(Gunner Records/ Broken Silence)
"Another Year" ist erst das zweite Album der aus San Diego stammenden WESTERN SETTINGS, die es seit 2013 gibt. "Erst", weil sie trotz der mageren Alben-Ausbeute "präsent as fuck" sind. Gründe u.a.: sie touren gefühlt immer und haben bereits zahlreiche EPs rausgehauen, die es dem geübten Szenekenner schwer gemacht haben, nicht auf das Quartett aufmerksam zu werden. In Kooperation mit A-F Records haben Gunner Records hierzulande die Ehre, das neue Werk veröffentlichen zu dürfen. Der Vorgänger "Yes It Is" war überraschend frisch und hatte durchgehend Hits am Start, die euphorisch, eingängig und das "gewisse Etwas" hatten. So war es trotz dem ausgelutschten Trend des "Beard-Punk" ein wahres Vergnügen, das Album in Dauerrotation zu hören.

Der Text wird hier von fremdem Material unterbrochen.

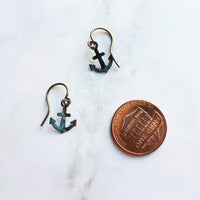 Tiny Anchor Earrings, rustic anchor earring, patina anchor earring, anchor dangle, verdigris patina earring, blue green bronze rust, small - Constant Baubling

Was ich schon behaupten kann: Mit "Another Year" werde ich mich persönlich schwerer tun. WESTERN SETTINGS bevorzugen aktuell fast durchgängig das Midtempo, während die Songs erwachsener und ausgefeilter klingen. Das Songwriting ist ernst und teilweise elegant zu umschreiben. Trotz der eigentlich positiven Attribute, ist aber der energische Auftritt flöten gegangen. Ich mag es sehr, wenn sich Bands weiterentwickeln, allerdings bin ich begeistert, wenn mich Bands wegblasen mit einem Sound, der aus der Masse hevorsticht und ein Alleinstellungsmerkmal kreiert.
Der Background des Punkrock, gemixt mit feinen Indie-Gitarren und einem Gesang, der sich zwischen melancholisch und zurückhaltend-aufbrausend einpendelt. Das haben The Flatliners, The Menzingers und zuletzt Spanish Love Songs perfekt auf den Punkt gespielt und ziemlich gelungene Alben herausgebracht. Warum ist also "Another Year" nicht ganz so begeisternd (evtl. auch nur in den ersten Augenblicken)? Vielleicht weil es wie ein Aufguss eben genannter Bands klingt? WESTERN SETTINGS geben all ihr Herzblut, aber die Seele kommt ein wenig zu kurz. Vermutlich wächst die Platte mit jedem Hören und sie wird ein ständiger Begleiter in allen Lebenslagen, aber Tracks wie z.B. 'Another Year', 'Break' oder meinetwegen 'Spinning World' fehlt der notwendige Zug und der griffige Refrain, um vollends zu begeistern. Zugegebenermaßen wissen die Jungs, wie man Melodien schreibt und manche Gitarrenparts lassen angenehm die Unterarm-Härchen senkrecht stehen.
Die hohe Erwartungshaltung war vielleicht nach dem tollen Vorgänger gar nicht zu erfüllen, denn "Another Year" würde als Debütalbum von mir mit Herzchen überschüttet. Da ich aber erlebt habe, dass WESTERN SETTINGS noch mehr Energie haben, um den Arsch mal richtig wackeln zu lassen, ist die aktuelle Platte solide und nett (und gebt dem Wörtchen bitte wieder die Posivität zurück, denn so ist es auch gemeint).